Jennifer Lawrence, one of the actresses whose photos were stolen by hackers, on the red carpet at the 2014 Academy Awards.

Lawyers representing celebrities whose private photos were published by hackers have threatened to sue Google for $100m, accusing the company of “making millions from the victimisation of women”.
Private images of Jennifer Lawrence, Kate Upton, Rihanna and others were widely distributed on the internet last month in the largest celebrity hacking scandal in history.
The top entertainment lawyer Martin Singer has written to Google demanding that the company pay for its “blatantly unethical behaviour”. His Los Angeles-based firm Lavely & Singer represents more than a dozen of the women affected, the director Bryan Singer and the actors John Travolta and Charlie Sheen.
In the letter, addressed to Google’s co-founders Sergey Brin and Larry Page and other top executives, and first published by the New York Post’s Page Six website, Singer accused the tech giant of failing “to act expeditiously and responsibly to remove the images” and of “knowingly accommodating, facilitating, and perpetuating the unlawful conduct”.

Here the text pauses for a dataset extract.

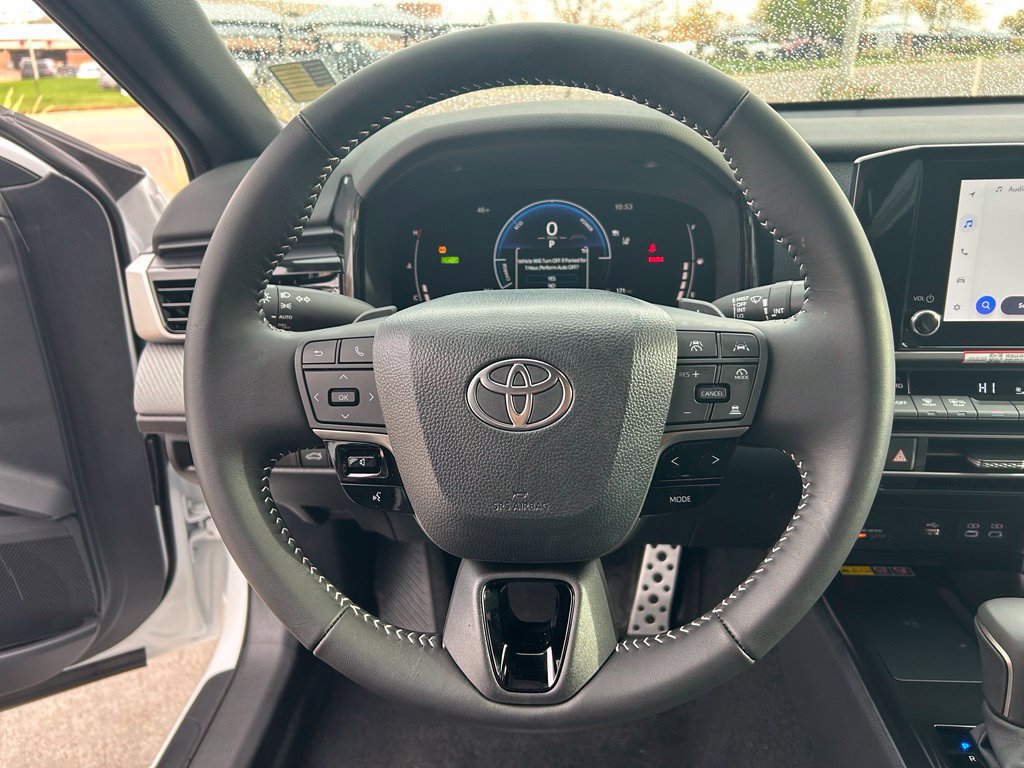 Used 2026 Toyota Camry SE FWD image 13
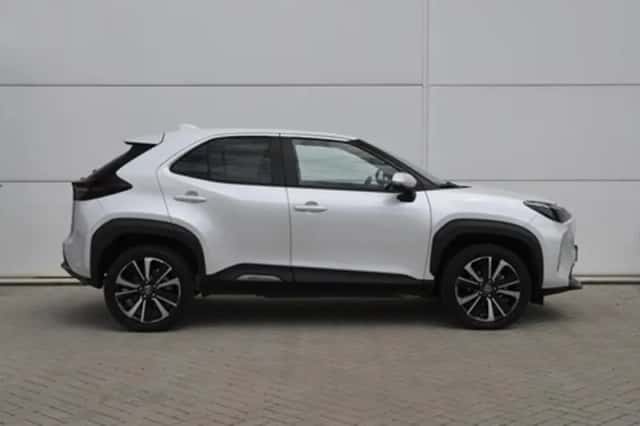 Toyota Yaris Cross (2021) thumbnail 4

“Google’s ‘do no evil’ motto is a sham,” he wrote.
“Google knows the images are hacked stolen property, private and confidential photos and videos unlawfully obtained and posted by pervert predators who are violating the victims’ privacy rights … Yet Google has taken little or no action to stop these outrageous violations.”
Singer’s letter, sent on behalf of his unnamed clients, claims that he sent a notice to the company to remove the images four weeks ago, but that many are still available on Google sites such as BlogSpot and YouTube.
He said that after the images were released over the Labor Day holiday weekend, his office had written to various website operators and internet service providers (ISPs) demanding that the images be taken down under the digital millennium copyright act (DMCA). The DMCA requires tech firms to “expeditiously” remove unlawful images from their servers.
“The vast majority of those sites and ISP/hosts, all of which are much smaller than Google, with far fewer staff and resources, complied with their obligations under the DMCA and removed the images within an hour or two of receiving our DMCA notice,” he wrote.
Google, by contrast, had “recklessly allowed these blatant violations to continue in conscious disregard of our clients’ rights”.
“Because the victims are celebrities with valuable publicity rights you do nothing, nothing but collect millions of dollars in advertising revenue … as you seek to capitalise on this scandal rather than quash it. Like the NFL, which turned a blind eye while its players assaulted and victimised women and children, Google has turned a blind eye while its sites repeatedly exploit and victimise these women.”

A Google spokesman said: “We’ve removed tens of thousands of pictures –within hours of the requests being made – and we have closed hundreds of accounts. The Internet is used for many good things. Stealing people’s private photos is not one of them.”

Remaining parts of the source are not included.